CAMARILLO — For 25 years now, controversy has swirled around L. Joe Bass--accusations of dishonesty, stories of an intemperate man on a personal power trip, entrenched behind a security screen of electronic surveillance gear and subordinates sworn to silence.
But throughout those years, despite the complaints of critics--and the occasional probing of government investigative agencies--the religious leader has survived and prospered. It has been sort of an evangelical Horatio Alger story--a high school dropout who founded and built a $34-million-a-year complex of organizations with activities that range from smuggling Bibles behind the Iron Curtain to feeding the poor of the Third World.
Today, Bass and his embattled International Christian Aid (ICA) organization face their stiffest test yet--investigation by U.S. Postal Service inspectors and a federal grand jury in Los Angeles, prompted by accusations that the money he raised for the starving people of Ethiopia was never spent there.
Four months after Bass, 48, announced that help was on its way, there is still no confirmation that any of it has been distributed to the needy of Ethiopia. In fact, the officials to whom Bass says the aid has been sent have vowed that they won't accept it--or any other ICA goods--until the controversy is cleared up to their satisfaction.
The federal investigation centers on the possibility of mail fraud in solicitations circulated by ICA. More than a dozen former and current ICA employees have been subpoenaed as grand jury witnesses. Many of those witnesses have been been interviewed by The Times and could be expected to repeat for the grand jury allegations that ICA spends relatively little of its money on direct aid to the poor.

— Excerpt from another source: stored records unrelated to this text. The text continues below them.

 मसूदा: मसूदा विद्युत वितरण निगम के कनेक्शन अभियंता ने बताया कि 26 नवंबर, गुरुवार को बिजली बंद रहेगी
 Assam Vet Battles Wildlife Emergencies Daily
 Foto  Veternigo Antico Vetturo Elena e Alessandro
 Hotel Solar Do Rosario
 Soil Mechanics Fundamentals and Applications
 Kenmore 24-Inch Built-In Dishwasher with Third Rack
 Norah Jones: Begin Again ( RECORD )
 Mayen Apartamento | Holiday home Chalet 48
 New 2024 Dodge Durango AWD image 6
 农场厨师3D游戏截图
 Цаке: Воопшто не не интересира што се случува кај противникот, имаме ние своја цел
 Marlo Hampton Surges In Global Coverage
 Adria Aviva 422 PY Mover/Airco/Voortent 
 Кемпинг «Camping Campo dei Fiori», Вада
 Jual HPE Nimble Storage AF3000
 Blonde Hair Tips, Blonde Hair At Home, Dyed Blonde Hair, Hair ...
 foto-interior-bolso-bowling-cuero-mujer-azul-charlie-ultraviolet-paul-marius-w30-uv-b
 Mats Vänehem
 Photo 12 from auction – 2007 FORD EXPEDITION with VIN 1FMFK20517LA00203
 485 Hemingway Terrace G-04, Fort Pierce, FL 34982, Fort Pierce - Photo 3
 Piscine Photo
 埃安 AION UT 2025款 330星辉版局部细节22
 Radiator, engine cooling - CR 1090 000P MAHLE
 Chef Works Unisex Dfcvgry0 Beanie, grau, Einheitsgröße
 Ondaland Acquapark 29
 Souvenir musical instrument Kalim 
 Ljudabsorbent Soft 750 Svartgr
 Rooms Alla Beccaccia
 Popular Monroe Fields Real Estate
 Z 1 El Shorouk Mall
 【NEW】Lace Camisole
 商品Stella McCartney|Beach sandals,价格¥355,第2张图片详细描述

The scenario to be played out for federal investigators in many ways mirrors the story of Bass' career. It is the story of a man who inspires both unswerving loyalty and angry repudiation among followers, who successfully elicits millions of dollars in donations from around the world but can't win the confidence of other Christian relief agencies, who boasts he has nothing to hide, but insists on secrecy.
Sees Ego Trip
"He's out to get power," contends Evelyn Hughes, who spent 18 months as Bass' executive secretary. "He wants to be recognized as the top man in whatever he does."
Hughes' comment was typical of those former Bass subordinates who form the core of his critics, but she was one of only a few who agreed to permit her name to be used in this report. Most would agree to be interviewed only on the condition that they not be identified.
Bass says he is not worried about the controversy, which he dismisses as "sour grapes" or the work of "the Communist press."
Moreover, he says all the aid promised to Ethiopia will be delivered as advertised. "Every penny received by this organization can be tracked to its end usage and is properly reported in audited financial reports," Bass said in a recent press release, adding that he has no fear of investigation.
As they have in the past, the critics and the investigators may find it hard to prove him wrong.
In fact, Joe Bass is something of a veteran at investigations. He or his organizations have been examined in recent years by German tax officials, by the Los Angeles Department of Social Services and by the Ventura County district attorney, among others. None has resulted in criminal charges.
Beginning of Climb
His climb toward the top floor of the evangelical pyramid has been via the back stairs, apart from the major denominations. According to his mother, that climb began more than 30 years ago, in Fort Smith, Ark.
He was a high school sophomore, the youngest of four children--two girls and two boys--born to Eula Bass and her husband, Lonnie, a used-car dealer.
"Joe never got into sports," Eula Bass said during a recent interview. "During lunch time, when he was in high school, he'd just take his Bible or some gospel literature outside and read. He liked to do that. . . . One day, when he was about 16 years old, he heard a broadcast on the radio."
It was the Wings of Healing, an obscure West Coast radio ministry that supported several overseas missions.
"Joe said, 'Mother, that's exactly what I want to do,' " Eula Bass recalled.
Dropping out of high school, Bass headed west to Oregon, where the Wings of Healing ran an unaccredited college in Portland called the Bethesda Bible Institute.
After a couple of years in Portland, Bass served two years--from 1954 to 1956--as a Wings of Healing missionary in Nigeria. He said that after returning to the United States, he was ordained a minister in 1957 in a small Pentecostal denomination--the New Antioch Church in Baltimore. He doubled back for a four-month stint of missionary work in Africa, then transferred his ordination papers to the American Evangelistic Assn., a Baltimore-based relief agency for children.